* [EXERCISE INPUTS]
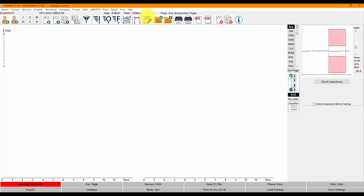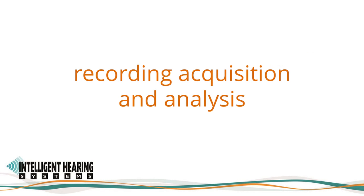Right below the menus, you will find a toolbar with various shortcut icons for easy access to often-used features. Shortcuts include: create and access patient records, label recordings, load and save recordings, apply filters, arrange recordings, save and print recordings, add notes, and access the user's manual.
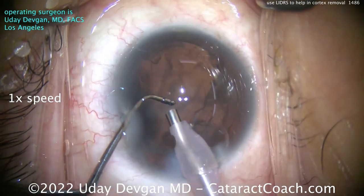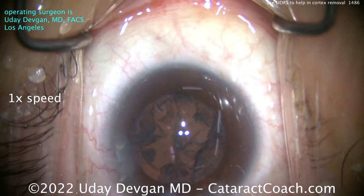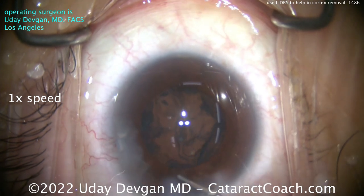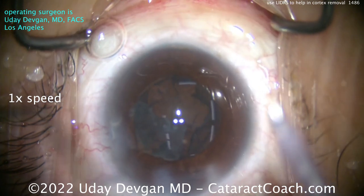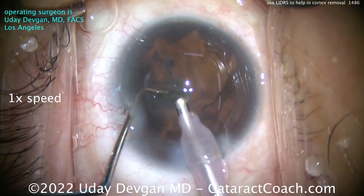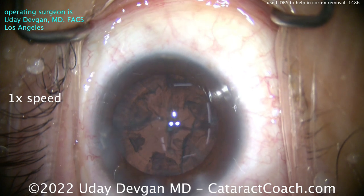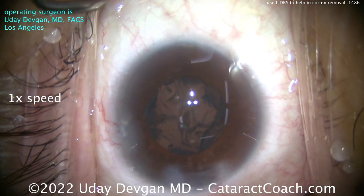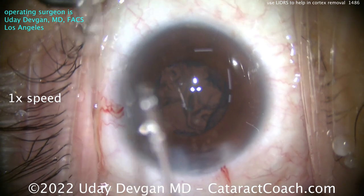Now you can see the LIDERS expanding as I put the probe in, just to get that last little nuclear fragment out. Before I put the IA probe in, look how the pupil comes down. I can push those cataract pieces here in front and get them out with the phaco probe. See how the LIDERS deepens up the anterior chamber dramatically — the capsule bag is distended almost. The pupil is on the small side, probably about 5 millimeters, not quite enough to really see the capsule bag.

--

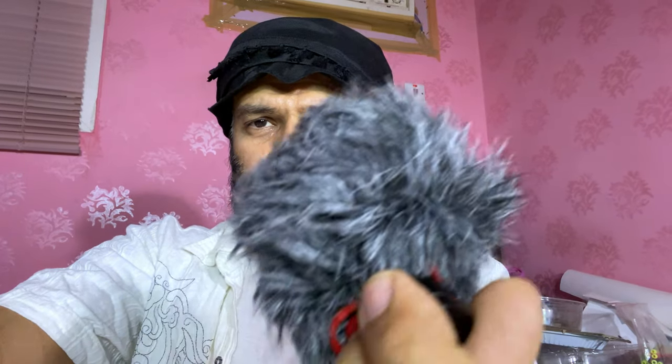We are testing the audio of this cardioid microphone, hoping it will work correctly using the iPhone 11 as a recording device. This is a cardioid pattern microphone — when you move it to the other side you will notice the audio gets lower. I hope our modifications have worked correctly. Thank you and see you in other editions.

* [WHAT IS BEING ASKED]
Given the listing above, retype only the span of lines from the line with "Right below the" up to and including the line with "Now you can", exactly as it stands and without pictures.

* [THE ANSWER]
Right below the menus, you will find a toolbar with various shortcut icons for easy access to often-used features. Shortcuts include: create and access patient records, label recordings, load and save recordings, apply filters, arrange recordings, save and print recordings, add notes, and access the user's manual.
Now you can see the LIDERS expanding as I put the probe in, just to get that last little nuclear fragment out. Before I put the IA probe in, look how the pupil comes down. I can push those cataract pieces here in front and get them out with the phaco probe. See how the LIDERS deepens up the anterior chamber dramatically — the capsule bag is distended almost. The pupil is on the small side, probably about 5 millimeters, not quite enough to really see the capsule bag.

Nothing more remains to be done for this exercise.